Ieva Jusionyte is assistant professor in the Department of Anthropology and the Committee on Degrees in Social Studies at Harvard University. She holds a PhD and an MA in Anthropology from Brandeis University and a BA in Political Science from Vilnius University. Between 2012 and 2016 Jusionyte was assistant professor of anthropology and Latin American Studies at the University of Florida, where she coordinated the Crime, Law, and Governance in the Americas program.
As a social anthropologist of Latin America, Jusionyte focuses on the ethnographic study of security, crime, statecraft and the media. Her first book, Savage Frontier: Making News and Security on the Argentine Border (University of California Press 2015; www.savagefrontierbook.com) is based on ethnographic research conducted in the border area between Argentina, Brazil, and Paraguay between 2008 and 2014. While the “Triple Frontier” region has been an alleged haven of international organized crime, which the global media portrays as the hub of drug and human trafficking, contraband, and money laundering, Jusionyte’s work shows how local journalists both participate in and contest these global and national security discourses and practices. Drawing on Jusionyte’s professional background as a news reporter and her experience of producing an investigative television program “Proximidad” in Argentina, the book probes politics and ethics of representation and knowledge production in ethnography and in journalism. In addition to the book, Jusionyte’s work on the tri-border area has appeared in scholarly journals, including Cultural Anthropology and American Ethnologist.
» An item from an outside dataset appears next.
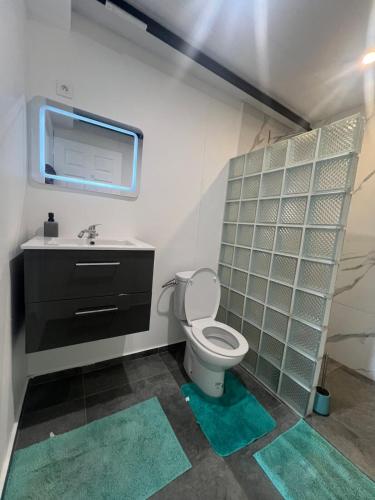 a bathroom with a toilet and a sink at Blue House Lodge in Faaa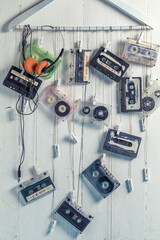 Several antique cassette tape and orange headphones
Jusionyte is currently working on her second book, tentatively entitled Threshold: Emergency and Rescue on the U.S.-Mexico Border, in which she explores the everyday practices and experiences of emergency responders under heightened security on both sides of the U.S.-Mexico border (http://www.borderrescueproject.com). Multiyear research for the book has been supported by a Senior Research Award from the National Science Foundation (NSF) and a Post PhD research grant from the Wenner-Gren Foundation. The book, written from the perspective of emergency responders who operate on the edges of the law in between two states, where security politics and humanitarian ethics violently collide, confronts the practical dilemmas and the conceptual paradoxes of sovereignty and governance, where none of them can be taken for granted.